Once upon a time, men thought they could become gods by building towers to heaven. Then they thought they could become greater gods by destroying those towers. So they enabled their enemies to do just that. Their enemies took funny tools people didn’t think could be weapons to destroy the buildings. The buildings came down in a perfect free-fall. Many people died. Heroes went to the rescue and many of them died too.


Facing the destruction day after day, week after week, and even month after month, the heroes knew too much. The enemies working solo could not have accomplished such flawless destruction. So they organized themselves and asked questions, but they were silenced.


The people who built the towers also knew too much, and they asked questions similar to those of the heroes. They, too, were silenced.
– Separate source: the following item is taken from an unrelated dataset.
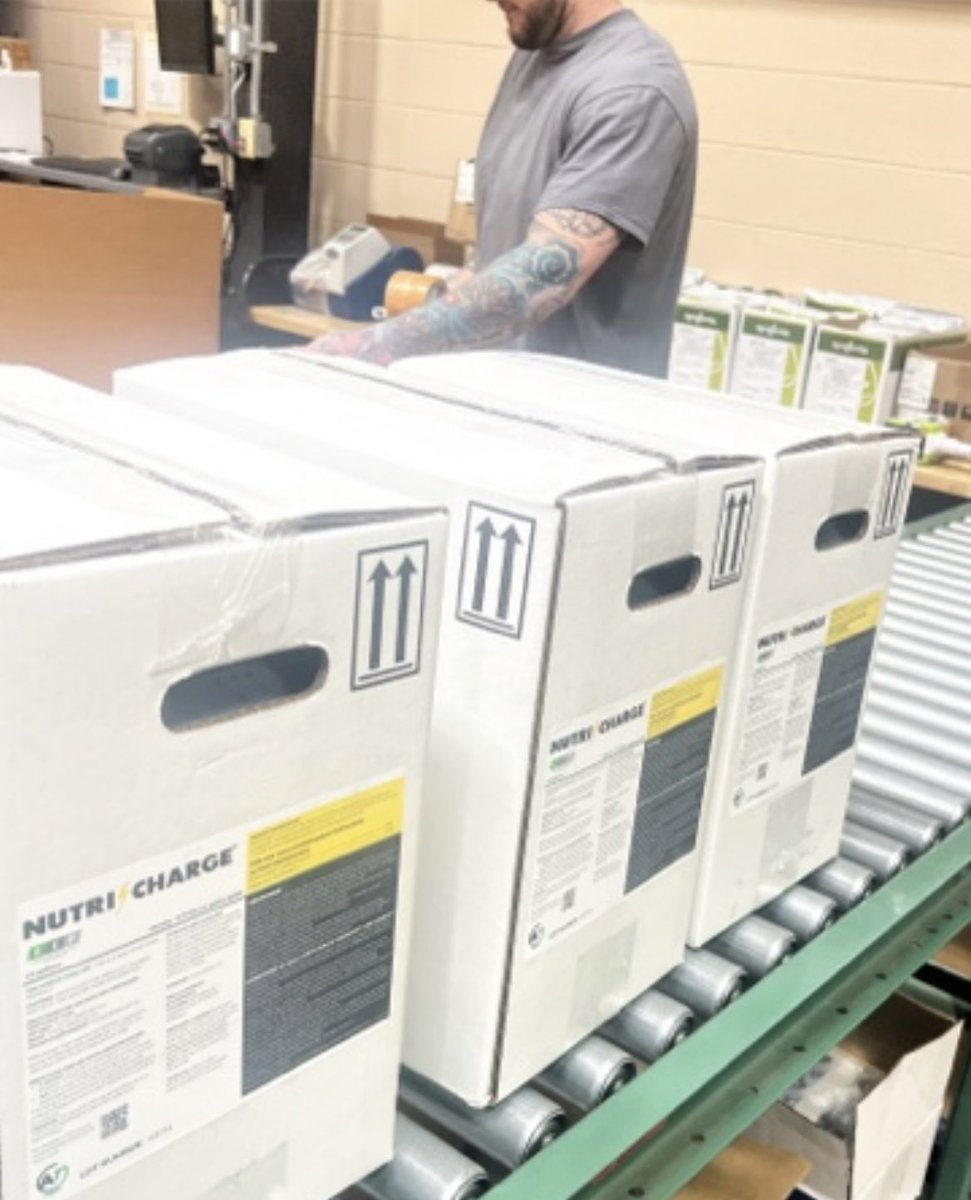 DirectEntInc's tweet image. Miss in-furrow or want another shot of some extra power? Call your rep or dealer today and find about how to take advantage of #NutriCharge technology on your farm!
#theDEIdifference #agronomy #soybeans #corn #wheat #cropresidue #farming #seedtreatment #infurrow #sidedress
The people who operated the funny tools used as weapons also knew too much. They asked questions very different from the heroes and builders. But they, too, were silenced.


Meanwhile, the wanna-be gods continued to babble-on and babble-on.
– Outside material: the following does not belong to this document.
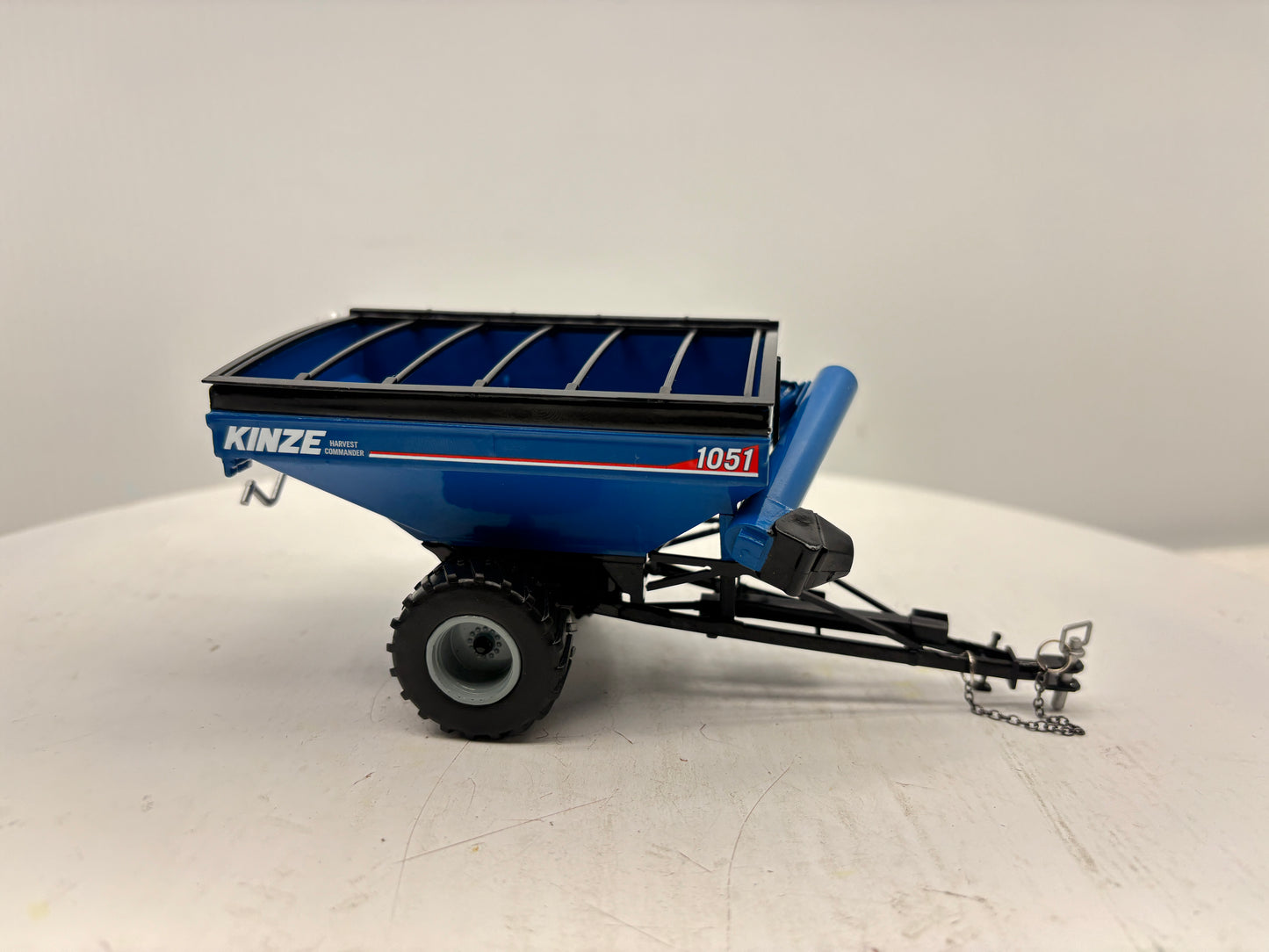 1/64 Kinze 1051 Flotation Singles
But the true God in Heaven had the final say. “Fallen, Fallen,” He said, “are those who babble-on.”

Saturday, March 28, 2009

Bugs

Spring has “technically” arrived. We keep telling the weather, “Hey, just so you know: it’s spring. Right here, according to the calendar, we have proof: winter has past and spring has arrived.” The weather hasn’t heard us. But our kids have. After counting the days until spring for about two months now, they’re no longer going to let the bitter cold keep them from opening the sand box, finding the outdoor toys, and playing out there. It’s forty degrees and the wind is fierce, but Andrew and Melanie have been out for some time now.


Much of their time has been spent on one of their all time favorite activities: looking for bugs. They name their bugs, make “homes” for them, and attend to them carefully enough to ensure a good and early death.


As I watch their glee with bugs, I can’t help but recall what felt like a metaphor played out before us when we were visiting my mother’s side of the family a couple of years ago. Since we were already so far “east” (Louisiana), why not head to Virginia to visit family we never see? We naïve Northwesterners didn’t expect a 17 hour drive to the DC area, but the time was very worth it. Besides enjoying good food, good company, and good laughs with family we rarely see, I also enjoyed a living parable our God – comedian and chess player – masterfully played out before my eyes.


We were all gathered at my cousin Ed and Pam’s gorgeous home. After dinner, my cousin Linda pressed 8 year old Oliver to play with 6 year old Andrew in place of his cool older cousins, 11 & 14. Poor Oliver made a valiant attempt to get Andrew interested in a myriad of games or toys, especially Monopoly, to no avail. That my cousins and their kids are quite well endowed with high-tech toys, games and technology adds to the humor in this scene because Andrew was far more interested in what youngest cousins, Melanie and Natalie – then 3 ½, both of them – had discovered: bugs. Much to Pam’s chagrin, their elegant home apparently had plenty of them, and they brought great delight not only to Melanie and Natalie, but also to Andrew.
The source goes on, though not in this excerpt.